I am looking at a homework problem: Measure space ($\mathbb{N}, \mathcal{P}(\mathbb{N}),\mu)$) where $\mu$ is the counting measure.
Let $\nu=\mu+\delta_2+\delta_5$ where $\delta$ is the Dirac measure.
Determine $\int_\mathbb{N} f d\nu$ where $f(n)=2^{-n}$
My solution is to sum over the natural numbers and view it as a geometric series:
$\int_\mathbb{N} f d\nu=(1/2)^1 + (1/2)^2 +...(1/2)^n +1/2^2+1/2^5= 1/(1-1/2)-(1/2)^0+ (1/2)^2 + (1/2)^5=2-1 + (1/2)^2 + (1/2)^5 = 1+1/4+1/32$
But I don't know if it is wrong with the 2 Dirac measures.
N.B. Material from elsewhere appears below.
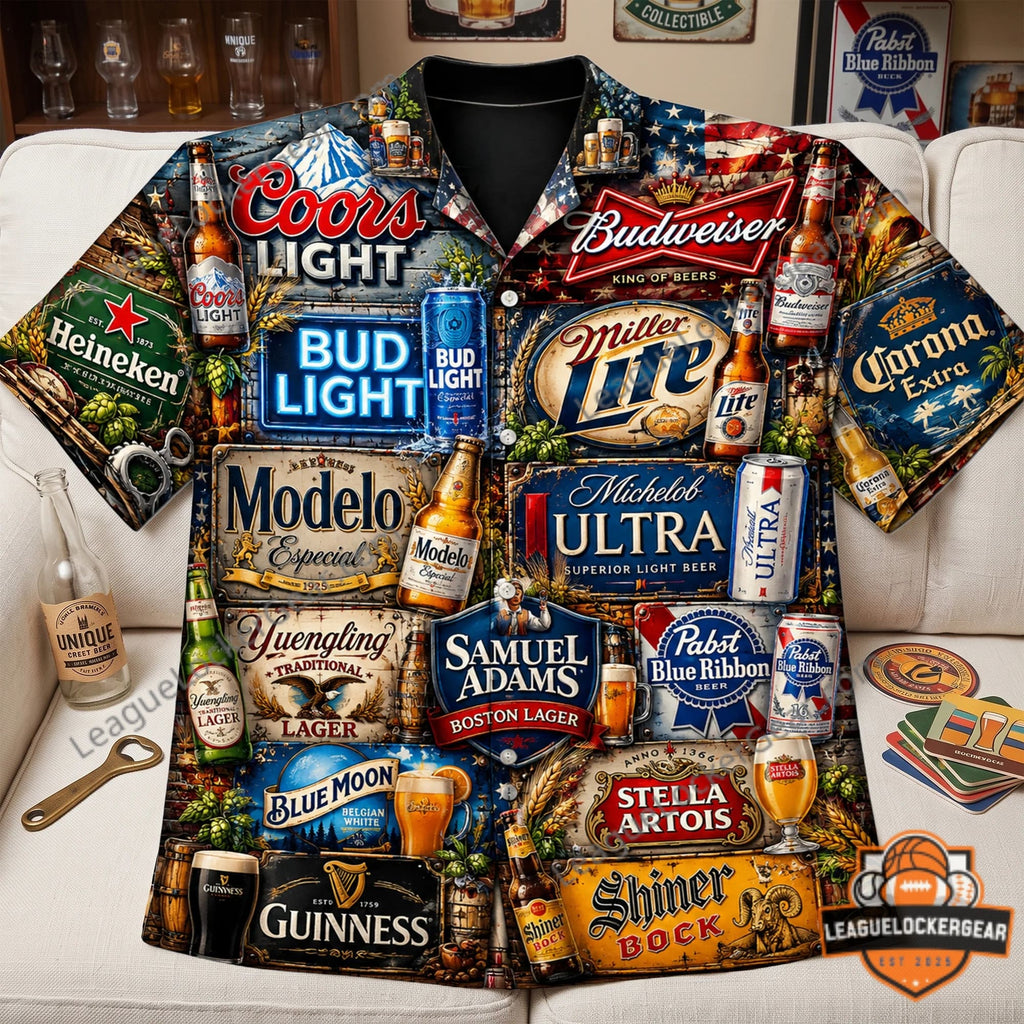 Beer Brand Drinking Hawaiian Shirt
How do I handle that the measure $\nu$ returns $2$ instead of $1$ on singletons $\{2\}$ and $\{5\}$?
Your approach is valid: for positive measures we can use
$$\int f d (\mu_1 + \mu_2) = \int f d\mu_1 + \int f d\mu_2$$
(all finite sums) and you should know, as basic examples that
$$\inf f d\mu = \sum_{n=1}^\infty f(n)$$
when $\mu$ is the counting measure on $\Bbb N = \{1,2,3,\ldots\}$ and positive functions on it.
and $$\int f d \delta_x = f(x)$$
for Dirac measures $\delta_x$ generally.
Applying those facts plus $\sum_{n=1}^\infty ar^n = \frac{ar}{1-r}$ (for $r<1$) we get your answer.